Microsoft has introduced a new AI model that can replicate any voice from a 3-second sample. This model has been named VALL-E. This model is based on the research being done on Text-to-Speech AI.
Microsoft has introduced an artificial intelligence device named VALL-E, taking its step into the AI world. The new AI model is part of Microsoft's latest research into text-to-speech AI. This model can make a copy of any voice even with a sample of only 3 seconds.
Can copy voice from a 3-second sample
While there are already several services that can create copies of your voice, they usually require a fair amount of input. Microsoft claims that its model can mimic someone's voice with just three seconds of the audio sample.
Information found in the report
A report by Windows Central revealed that this AI tool was trained on 60,000 hours of English speech data and short clips of specific voices to improve the content.

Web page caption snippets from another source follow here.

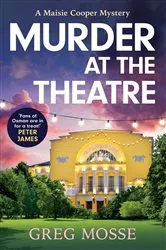 Book cover of Murder at the Theatre by Greg Mosse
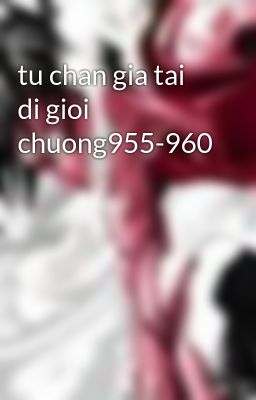 tu chan gia tai di gioi chuong955-960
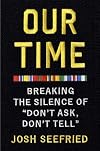 Our Time: Breaking the Silence of "Don't Ask, Don't Tell"
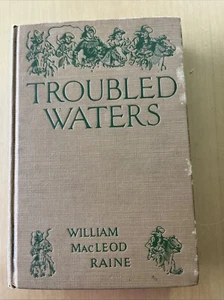 Troubled Waters William MacLeod Raine 1st Edition 1925 Hardcover - Bild 1 von 23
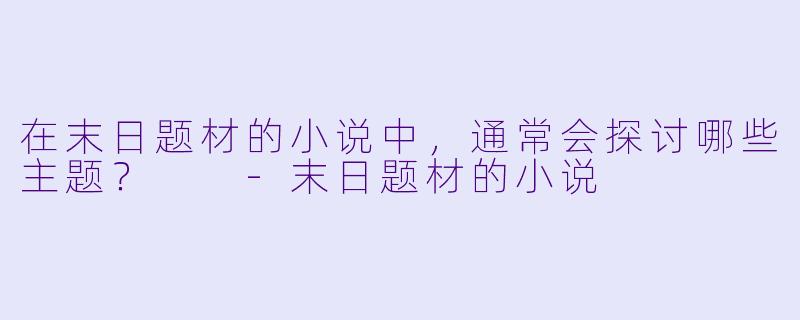 在末日题材的小说中,通常会探讨哪些主题?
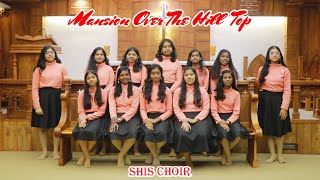 Mansion Over the Hilltop  Sacred Heart International School Choir [upl. by Alikahs206]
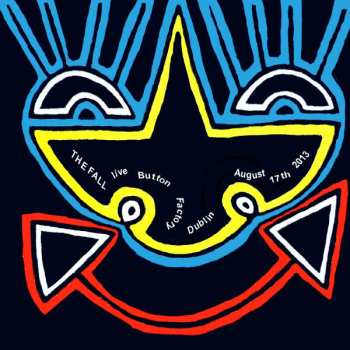 CD The Fall: Live At The Button Factory, Dublin, 17th August, 2013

The report also states that while some of the recordings sound natural, others sound like they were created by a robot or machine. Whereas if the AI model is supplied with a larger sample set, VALL-E may be able to create more realistic samples.
What can be the disadvantages?
VALL-E can have many positive uses, including in the production industry. But it can also have some dangers. People can use VALL-E to make spam calls to defraud genuine and unknown users. Apart from this, the voice of politicians or people with social influence can also be copied. It also poses a threat in cases where the voice is used as a password.